Octahedral Group 4 Metal Complexes That Contain Amine, Amido, and Aminopyridinato Ligands: Synthesis, Structure, and Application in α-Olefin Oligo- and Polymerization
journal contributionposted on 06.11.1996, 00:00 by Hans Fuhrmann, Simon Brenner, Perdita Arndt, Rhett Kempe
The reaction of trimethylsilyl-substituted 2-aminopyridines with mixed chloro(dialkylamido)metal complexes (titanium and zirconium) leads via amine elimination to octahedral group 4 metal complexes that contain amine, amido, and aminopyridinato ligands.
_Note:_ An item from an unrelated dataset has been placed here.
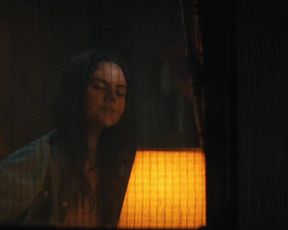 Jacqi Vene, Sadie Sink, Ryan Simpkins sexy - Fear Street Part Two 1978 (2021) all hot scenes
The X-ray crystal structure analyses of (4-Me-TMS-APy)(NMe2)(HNMe2)TiCl2 (1) (crystallographic data: P21/c (No. 14), monoclinic, a = 16.754(2) Å, b = 14.395(2) Å, c = 17.890(3) Å, β = 110.28(1)°, Z = 8) and (6-Me-TMS-APy)(NEt2)(HNEt2)ZrCl2 (2) (crystallographic data: P21/n (No. 14) monoclinic, a = 10.125(1) Å, b = 16.331(1) Å, c = 15.276(2) Å, β = 93.90(1), Z = 4) prove the compounds to be mononuclear with a cisoid arrangement of the two chloro ligands embedded in a reactive pocket determined by the steric demand of the three nitrogen containing ligands. Oligo- and polymerization studies with propene and 1-butene reveal the following results. First, 1 is a remarkably active precatalyst in contrast to the very low activity of 2. Second, MAO, a 1:1 mixture of i-Bu3Al/B(C6F5)3 (homogeneous polymerization) and ethylaluminum sesquichloride (if 1 is incorporated in a MgCl2-matrix) have shown to be the most active cocatalysts. Third, the polymers and oligomers are atactic.